Sua livraria na cidade é anglófona: a charmosa Gagliano, sob as arcadas da rua de Rivoli. Pelo menos uma visita a suas estantes é indispensável a cada vez que vem a Paris. Na música, possui um "amor antigo", o compositor Michel Legrand; mas cultiva também amantes literários, como "o velho Camus", e cinematográficos, como "o velho Belmondo".
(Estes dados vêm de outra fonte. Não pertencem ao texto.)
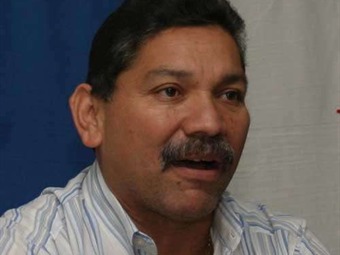 Noticia Radio Panamá | Genaro López califica de mentiroso a Ricardo Martinelli y denuncia orden de arresto contra Saúl Méndez
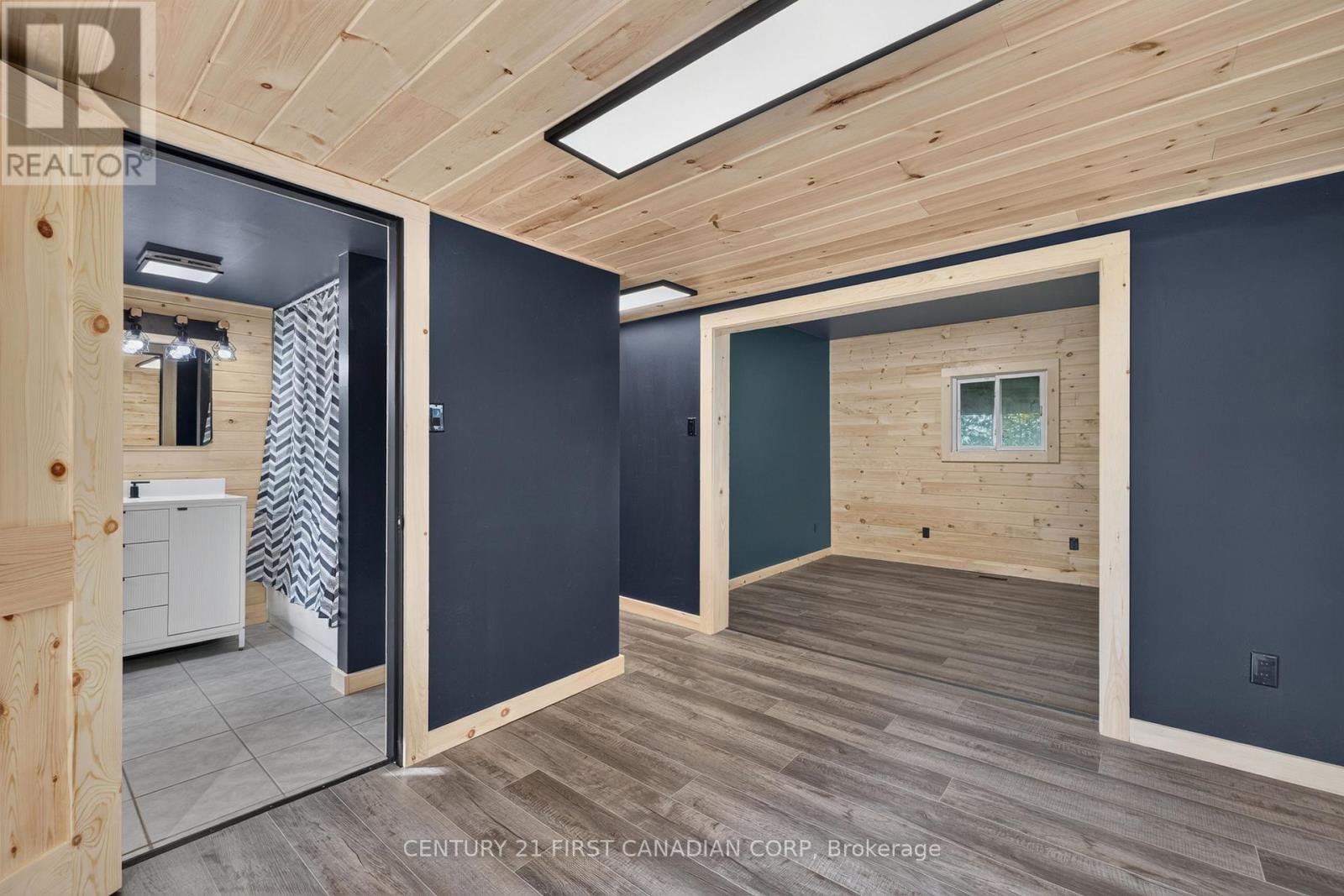 20847 VICTORIA ROAD - 21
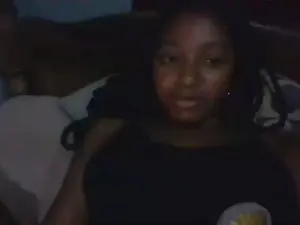 Dorisse1  live sex cam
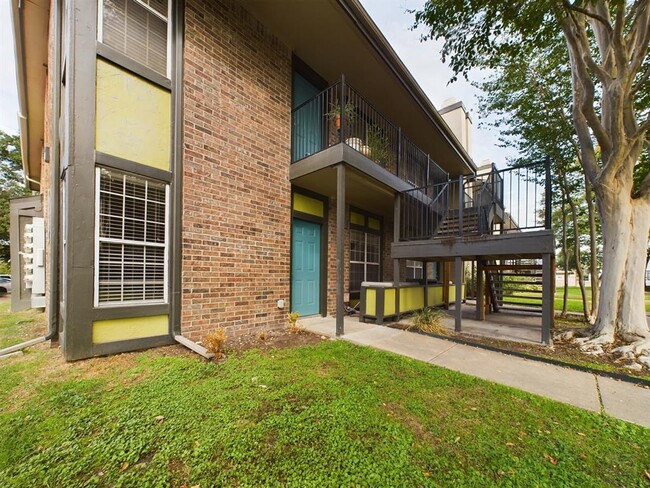 Building Photo - 7685 Northcross Dr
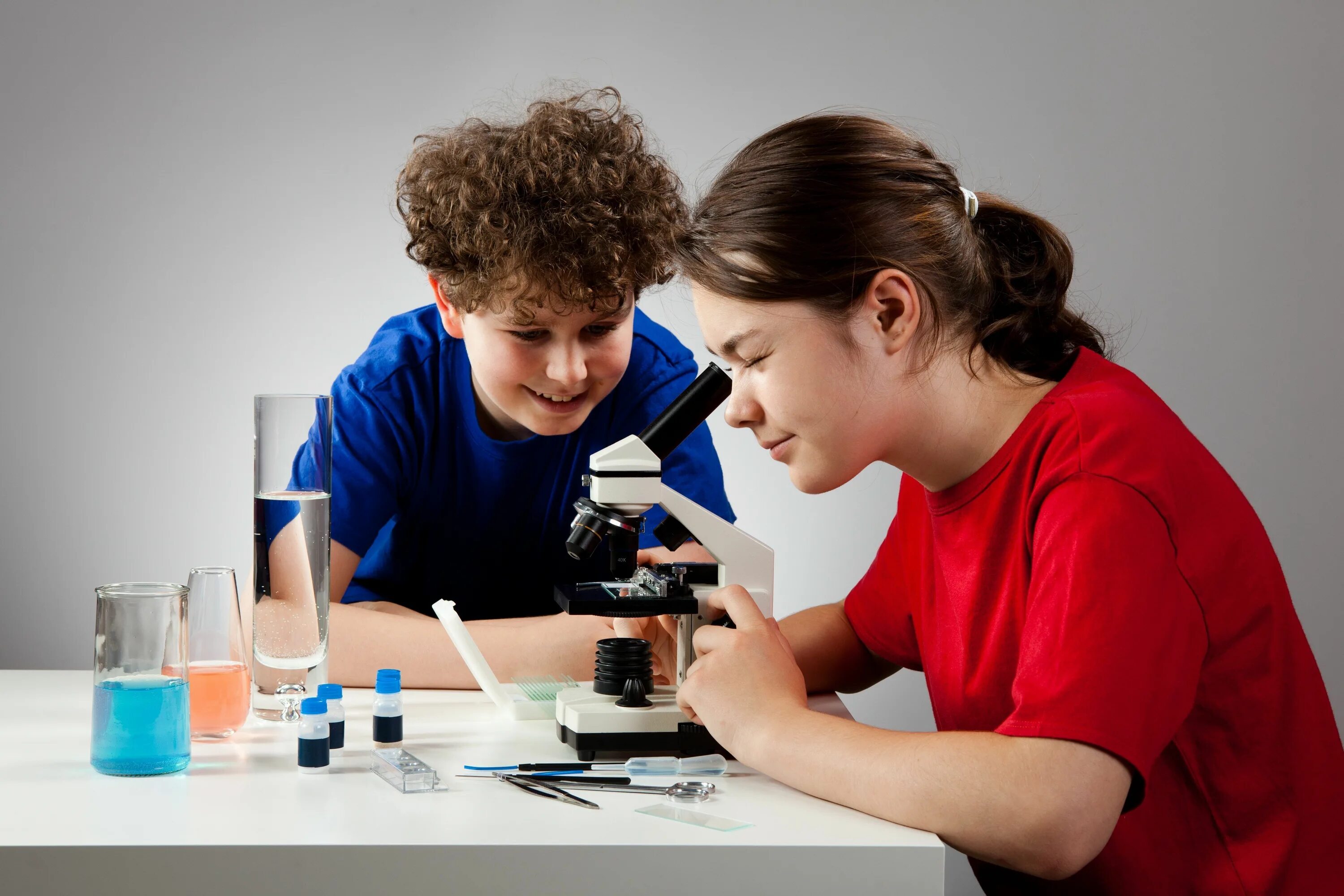 Большинство людей исследуют. Микроскоп для детей. Микроскоп для школьника. Мальчик с микроскопом. Дети исследуют.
Verissimo não perde as exposições em cartaz, seja no Grand Palais, no Centro Pompidou, no Palais de Tokyo, no Museu Jacquemart-André ou em qualquer outro espaço de arte da cidade. E, sempre que pode, dá uma passada em uma loja Fnac para comprar algum CD – na seção de jazz, de preferência. Numa outra entrevista, perguntei o que andava escutando naqueles dias, e ele respondeu:
– Eu tinha um vinil de 10 polegadas do Oscar Peterson cantando e me lembrava de como gostava desse disco. E agora encontrei aqui em Paris o CD e comprei, para me lembrar daquela época. Engraçado que o Oscar Peterson tem o mesmo tipo de timbre de voz do Nat King Cole. Continuo ouvindo bastante jazz, também muita música brasileira, alguma música erudita, principalmente Bach e Villa-Lobos. Ouvi uma bela missa do Beethoven agora aqui em Paris, na Salle Pleyel, um espetáculo.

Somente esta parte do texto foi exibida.